● Provided records:
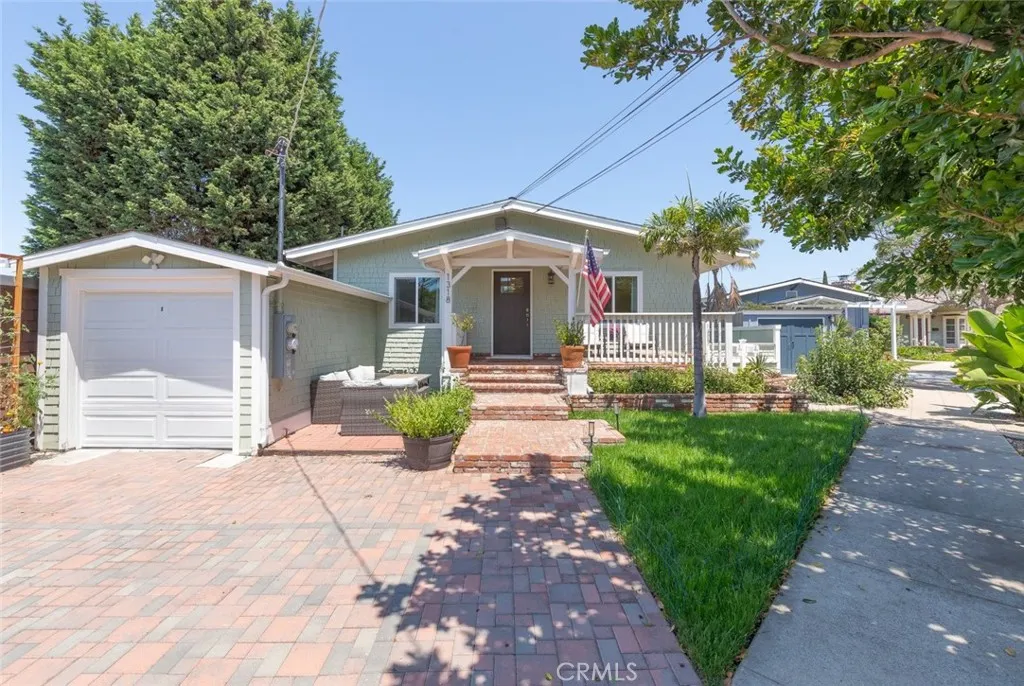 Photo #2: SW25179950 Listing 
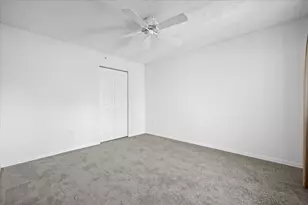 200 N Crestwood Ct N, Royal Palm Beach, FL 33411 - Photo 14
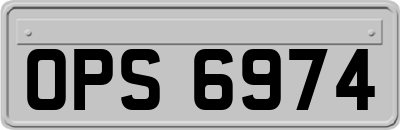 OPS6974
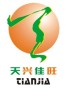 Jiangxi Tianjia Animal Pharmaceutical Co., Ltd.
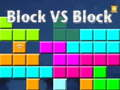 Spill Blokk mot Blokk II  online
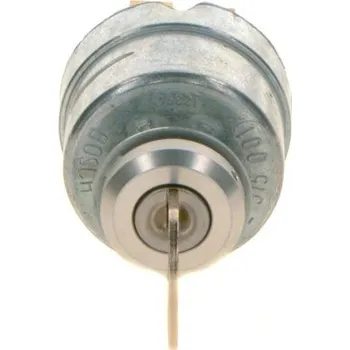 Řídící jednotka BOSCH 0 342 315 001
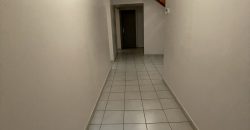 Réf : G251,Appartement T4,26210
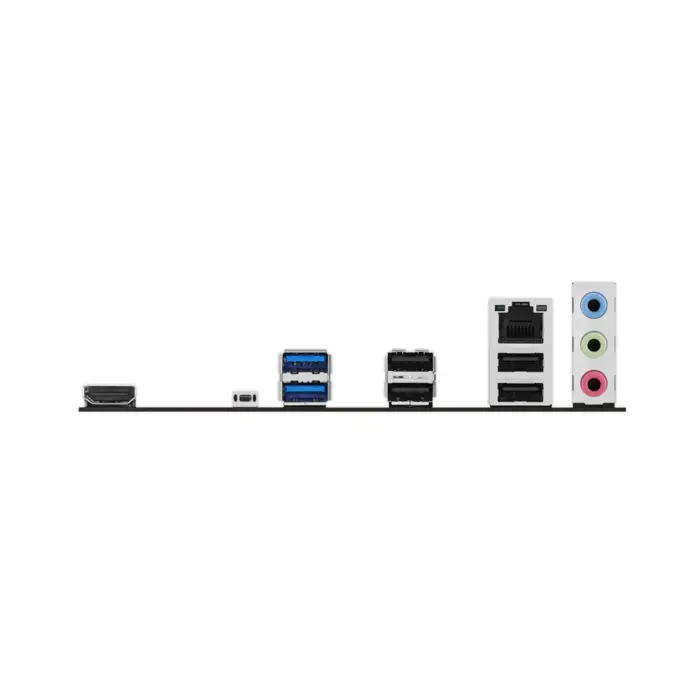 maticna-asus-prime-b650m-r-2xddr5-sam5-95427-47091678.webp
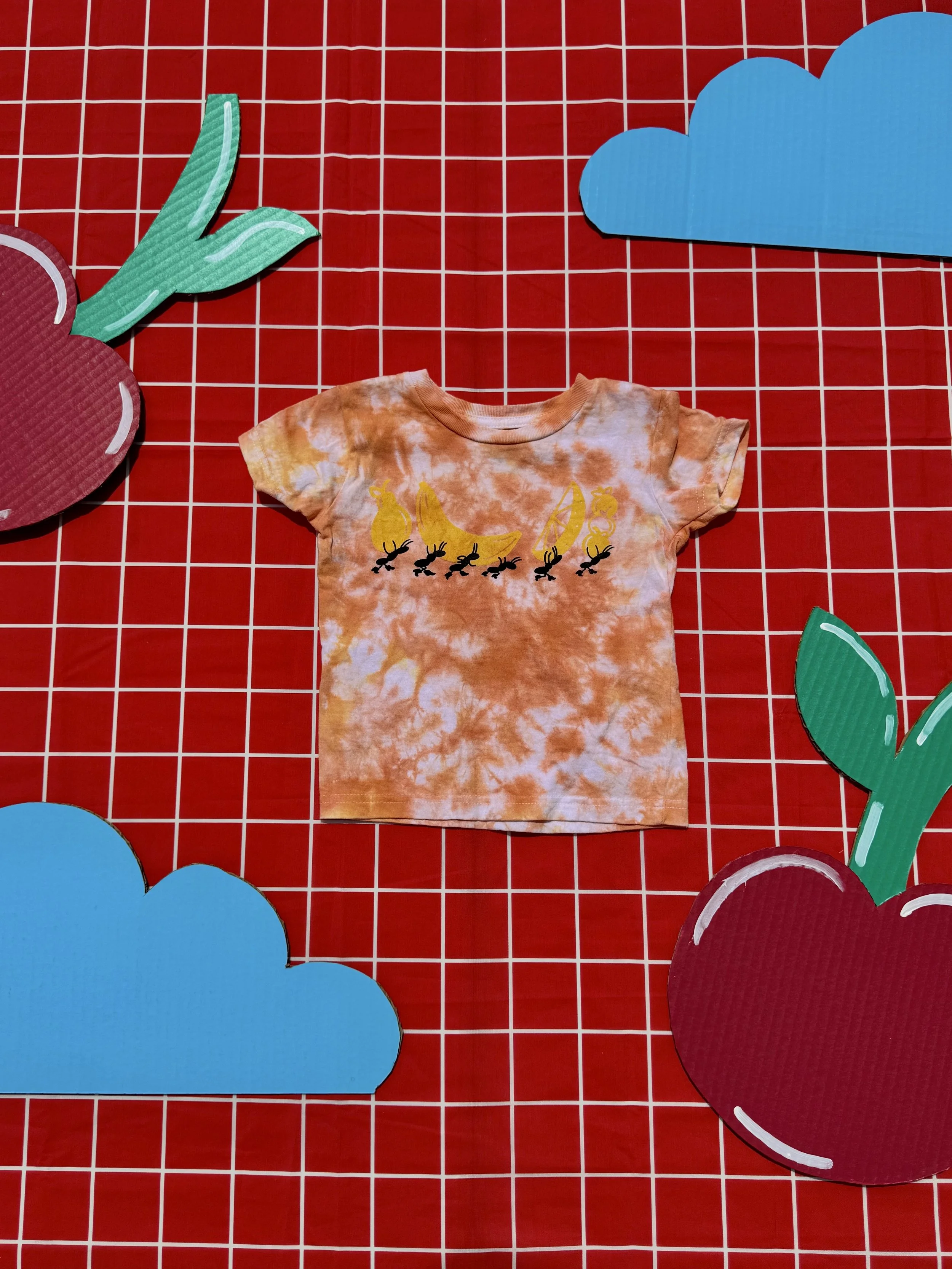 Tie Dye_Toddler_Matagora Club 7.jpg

==

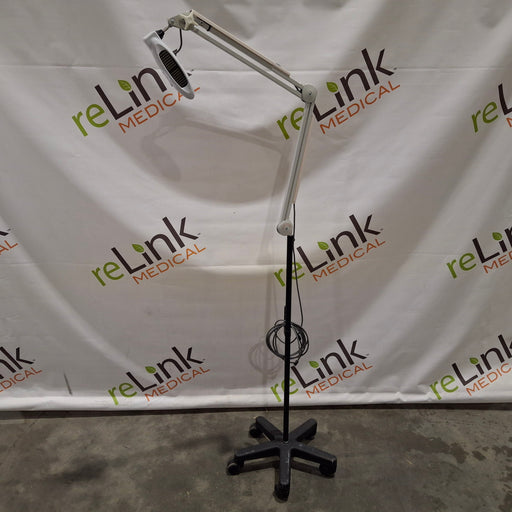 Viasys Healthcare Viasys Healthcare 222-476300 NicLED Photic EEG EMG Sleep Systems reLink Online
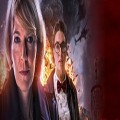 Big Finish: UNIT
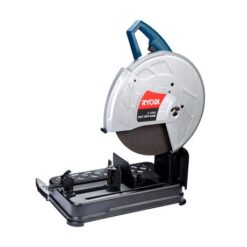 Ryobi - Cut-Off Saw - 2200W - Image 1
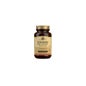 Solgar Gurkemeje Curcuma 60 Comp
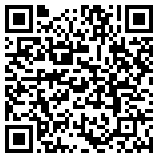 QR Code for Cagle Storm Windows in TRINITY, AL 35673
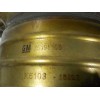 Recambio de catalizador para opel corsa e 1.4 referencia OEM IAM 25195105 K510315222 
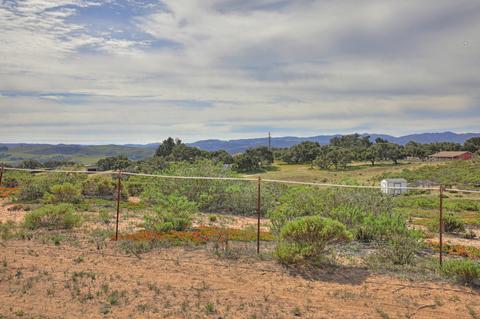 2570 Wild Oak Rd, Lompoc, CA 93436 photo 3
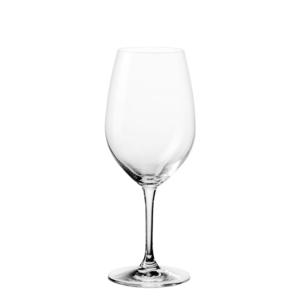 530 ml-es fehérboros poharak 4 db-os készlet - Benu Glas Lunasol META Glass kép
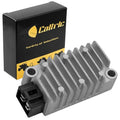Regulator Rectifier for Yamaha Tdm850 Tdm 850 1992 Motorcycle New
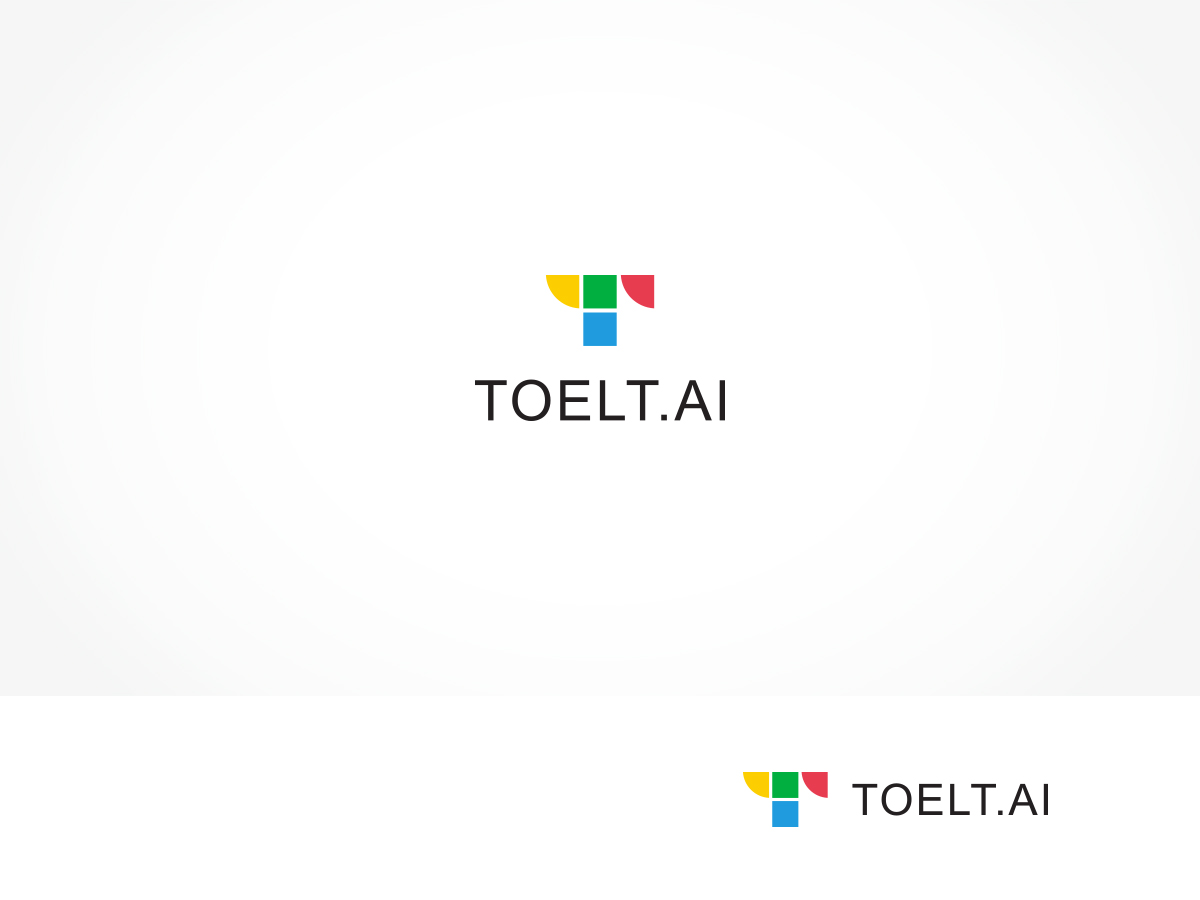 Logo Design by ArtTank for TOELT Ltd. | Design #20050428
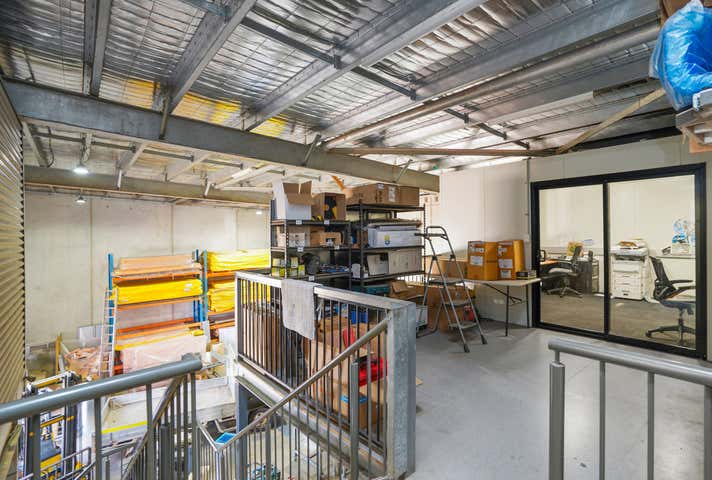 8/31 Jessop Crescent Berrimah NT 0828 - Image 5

● Exercise: Nothing but the lines above from the one that has "Photo #2: SW25179950 Listing" down to the one that has "Tie Dye_Toddler_Matagora Club 7.jpg" belongs in the answer, copied exactly, without pictures.

● Result of the task:
 Photo #2: SW25179950 Listing 
 200 N Crestwood Ct N, Royal Palm Beach, FL 33411 - Photo 14
 OPS6974
 Jiangxi Tianjia Animal Pharmaceutical Co., Ltd.
 Spill Blokk mot Blokk II  online
 Řídící jednotka BOSCH 0 342 315 001
 Réf : G251,Appartement T4,26210
 maticna-asus-prime-b650m-r-2xddr5-sam5-95427-47091678.webp
 Tie Dye_Toddler_Matagora Club 7.jpg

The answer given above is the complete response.